For a 25-year-old basic-rate taxpayer earning £28,000, their pension pot under the current tax relief regime would grow from scratch to £346,660 by age 65.
But with 30 per cent tax relief, it would be boosted by an additional £34,670, taking it to £381,330. Higher and additional rate taxpayers, however, would be hit hard.
A higher-rate taxpayer earning £55,000 would see their pension pot at age 65 diminished by £68,102, from £680,952 to £612,850.
For an additional-rate taxpayer earning £130,000, their pot would come tumbling down by £284,450: from £1,609,520 to £1,325,070.
Andrew King, Evelyn’s retirement planning specialist, crunched the numbers.
He says: ‘A 30 per cent rate of tax relief could be sold as handing a pension bonus to basic-rate taxpayers.
‘But it wouldn’t bring a huge amount into the Treasury coffers as the savings from abolishing 40 and 45 per cent relief would be mitigated by the added tax break given to basic-rate taxpayers.’
He adds: ‘To generate meaningful tax savings, tax relief would need to be carved back to 20 per cent, which would prove deeply unpopular with the ballooning number of voters paying higher rates of tax.
‘In addition, it would be seen by younger savers as yet another example of inter-generational unfairness. They would lose the right to a higher rate of relief on their pension payments as they move from basic to higher rate taxpayers.’
Mr King also says a flat rate of relief would be vehemently opposed by high earners in the public sector as a result of the substantial amount of tax relief they would lose on contributions (especially those made by employers on their behalf) into deluxe defined-benefit pension schemes.

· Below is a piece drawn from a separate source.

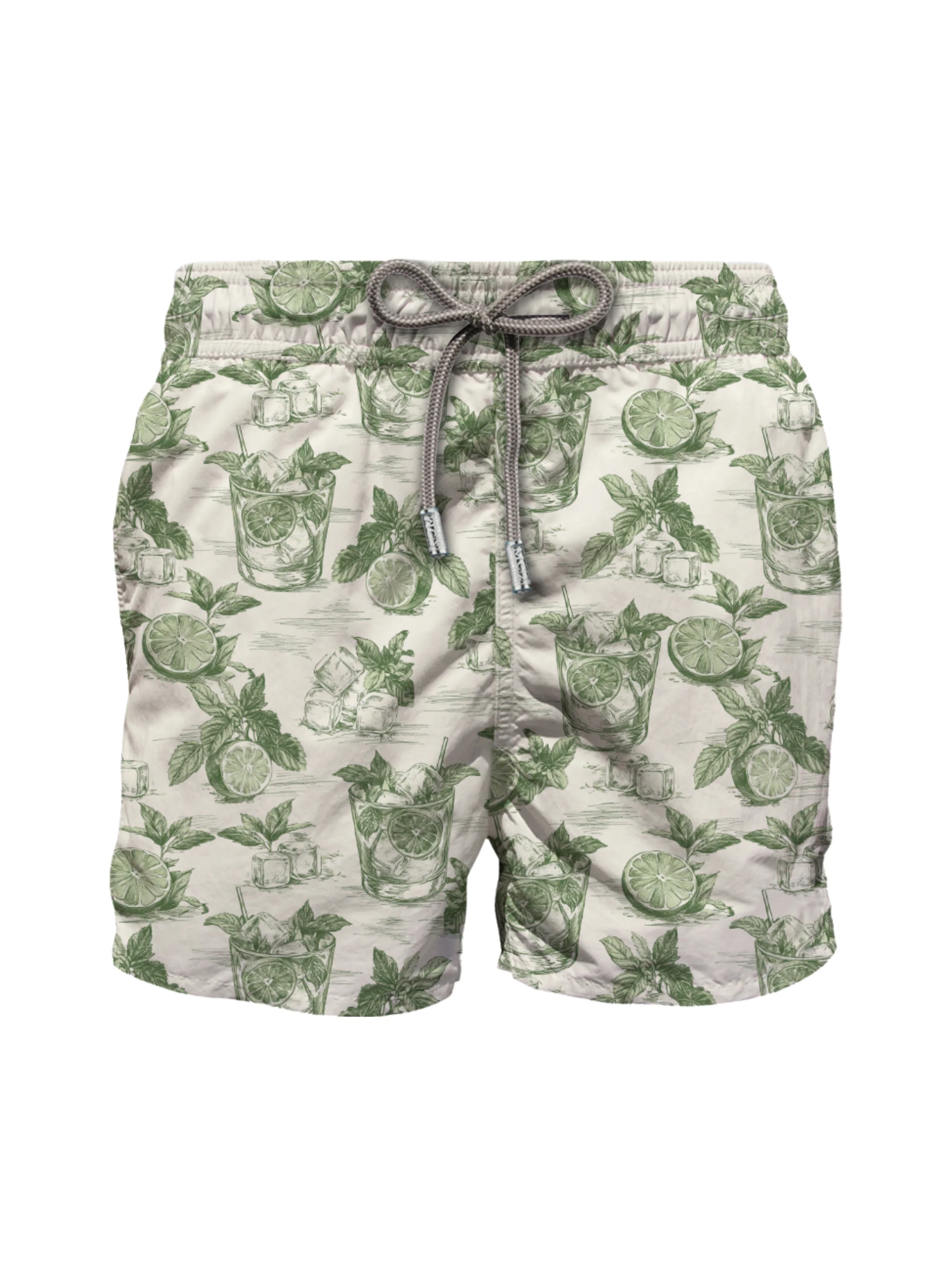 Costume "Gustavia" Saint Barth beige con stampa cocktail verde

Jon Hickman, tax partner at accountancy firm BDO, says any reduction in tax relief would ‘deter higher earners from saving for retirement’.
Disastrous given the country is already in the midst of a chronic retirement crisis.
How to protect your pension
There are steps you can take to keep your pension on track if flat-rate tax relief heads our way.
1. Ahead of the Budget, higher-rate taxpayers should consider increasing their pension contributions – or making a one-off payment – to take advantage of the current tax relief regime.
Even if no changes are announced on November 26, the bigger payments made will still boost the size of your final pension pot.
The current ‘annual allowance’ rules allow you to contribute a maximum of £60,000 in the current tax year into your pension – or up to 100 per cent of your annual earnings if they are lower than £60,000.
The allowance includes employer contributions and all payments made within it enjoy tax relief. Really high earners may be subject to a lower annual allowance (take advice).
If you have maxed out this tax year’s allowance, you can use any unused allowance from the previous three tax years to boost your pension payments further.
This is known as ‘carry forward’. It’s complicated, so again seek professional advice.
2. If you are a basic-rate taxpayer, it is probably best to defer any big lump sum payment into your pension until after the Budget – just in case a 30 per cent flat rate of relief is announced.
But don’t stop your regular pension contributions. Keep on building your pension.
3. Don’t forget to think about your children when it comes to pensions. You can put £2,880 into a pension for a child each year (until age 18) and the government will top it up with 20 per cent tax relief worth £720.
Maybe 30 per cent if a 30 per cent flat rate of tax relief on contributions is announced on November 26.